Proofs were closed with a stipulation that defendant had a prior record of conviction for armed robbery for which he had been sentenced to the penitentiary in June, 1952. After the arguments of counsel, the judge indicated that he would End the defendant guilty and asked for recommendations relative to sentence.

While court and counsel were discussing this matter, the bailiff announced that the “young lady would like to tell the truth.” Leola Hudson then told the court that defendant had been at her home on June 11, but that he had stayed there only until about 1:30; that A. C. Young had told her to testify that defendant had been there until 2:30; and that Young was supposed to be a witness in the case. After hearing this statement, the court indicated possible contempt proceedings against Leola Hudson and A. C. Young, and announced that the defendant’s sentence would be 15 to 30 years.

The defendant then asked permission to address the court. After being admonished to tell the truth, defendant said: “Well, I will tell the truth, your Honor. You see, I committed the crime.” Defendant then made a lengthy statement to the court in which he recited that he had “stuck the place up”; that he had received one half of the money taken which amounted to about $2,800; that he had made a similar statement to the police; but that the witnesses against him had lied in that his arm was not deformed and his coat was not too large. After hearing defendant’s statements, the court indicated that the sentence, as previously announced, would stand. The errors urged on this appeal must be considered in the light of defendant’s confession made in open court.

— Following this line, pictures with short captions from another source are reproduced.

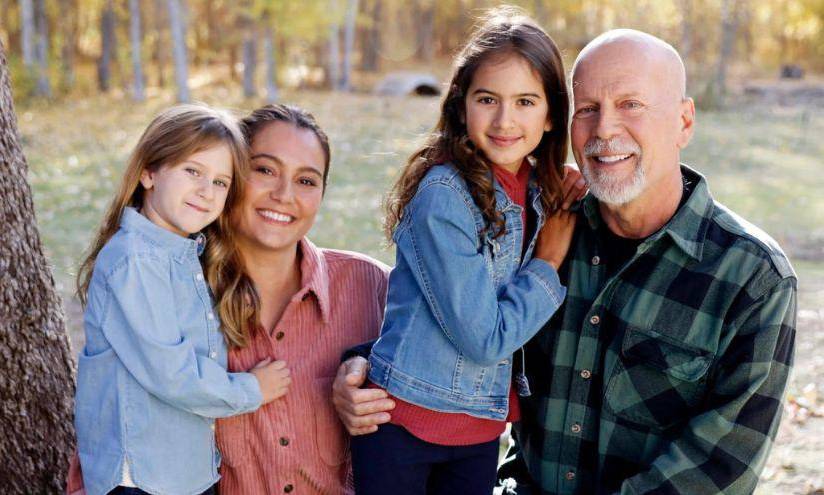 Hijas menores de Bruce Willis, Evelyn y Mabel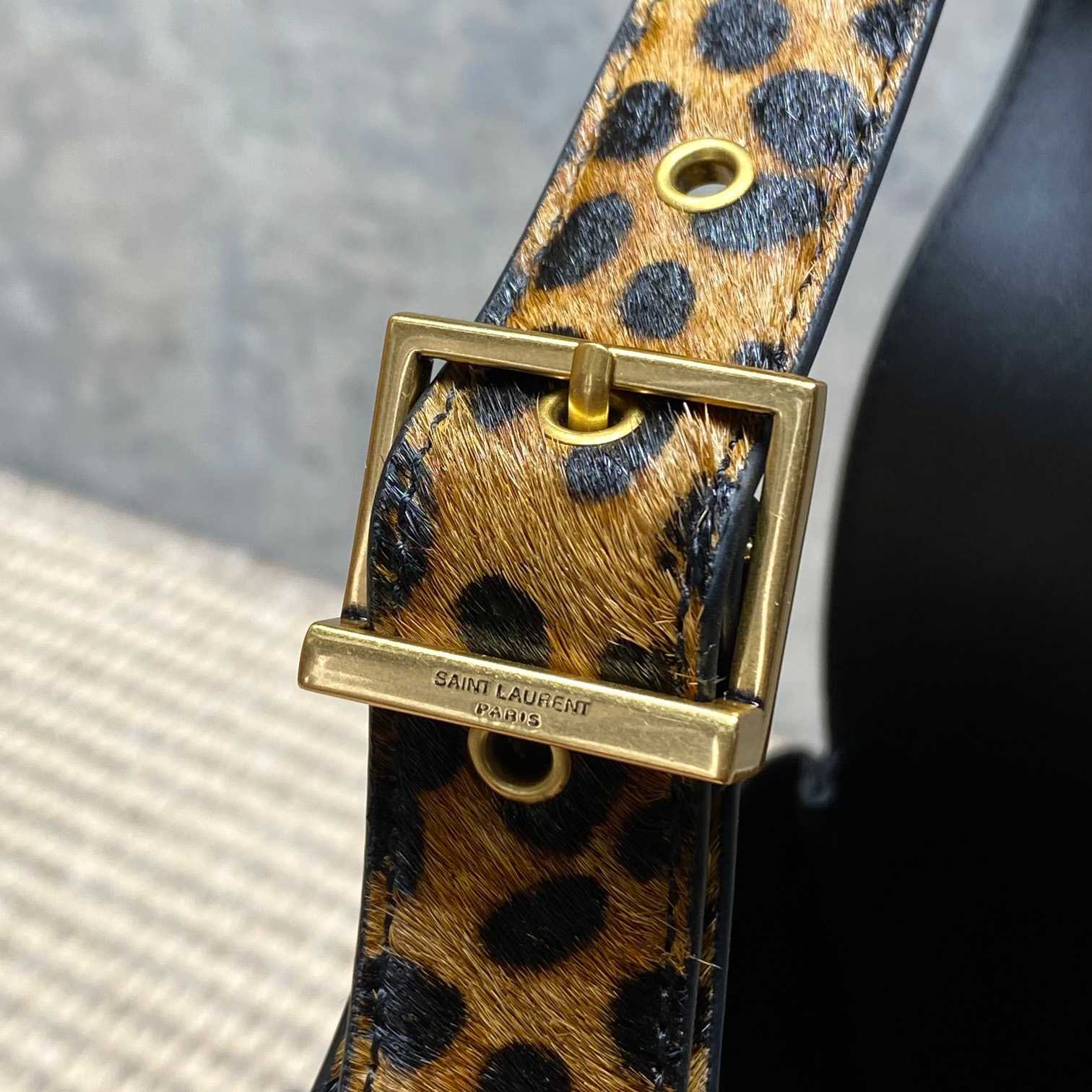 Saint Laurent LE 5 À 7 Supple Small In Pony Hair Leather - DesignerGu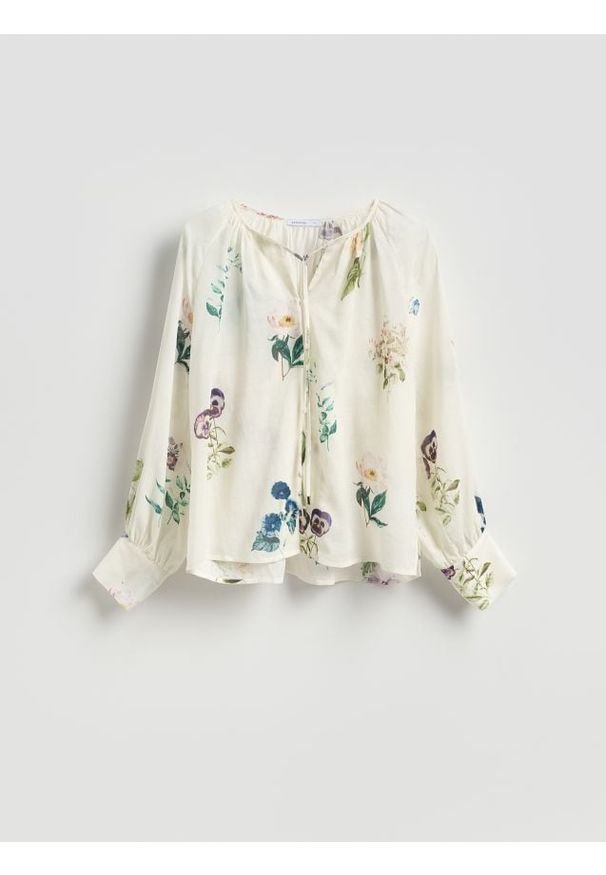 Reserved - Bluzka z ramią - wielobarwny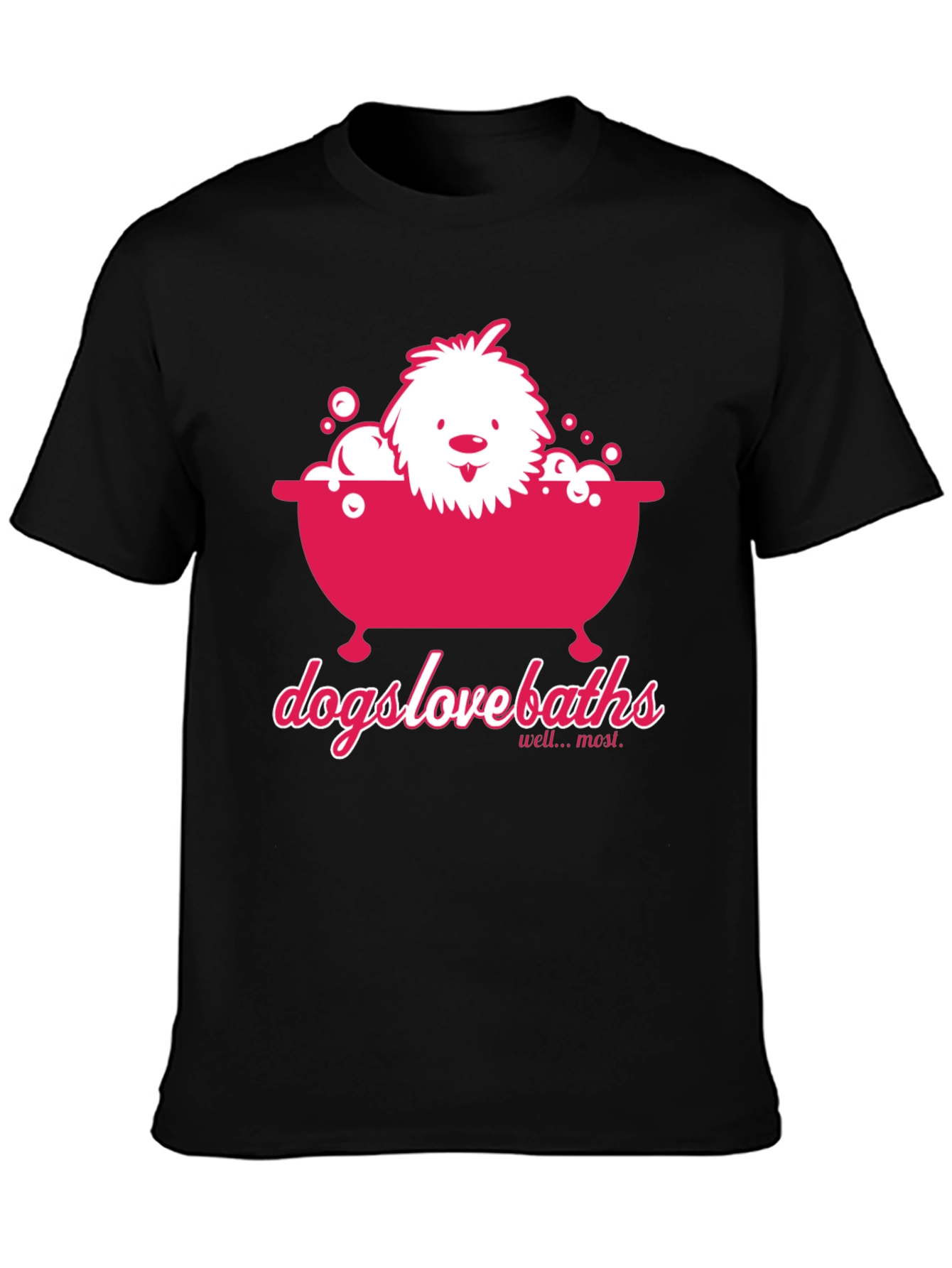 Dogs Love Baths T-Shirt - Funny Dog Graphic Tee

We find no prejudicial error in the trial court’s examination of the witness Leola Hudson. Though such examination rests largely in the discretion of the trial judge, it should rarely be extensive and should always be conducted in a fair and impartial manner. (People v. Marino, 414 Ill. 445; People v. Bernstein, 250 Ill. 63.) In examining a witness the court should never depart from his proper function as judge and assume the role of an advocate, (People v. Trefonas, 9 Ill.2d 92; People v. Giacomino, 347 Ill. 523,) but the court does have the right to question witnesses in order to elicit the truth or to bring enlightenment on material issues which seem obscure. (People v. Marino, 414 Ill.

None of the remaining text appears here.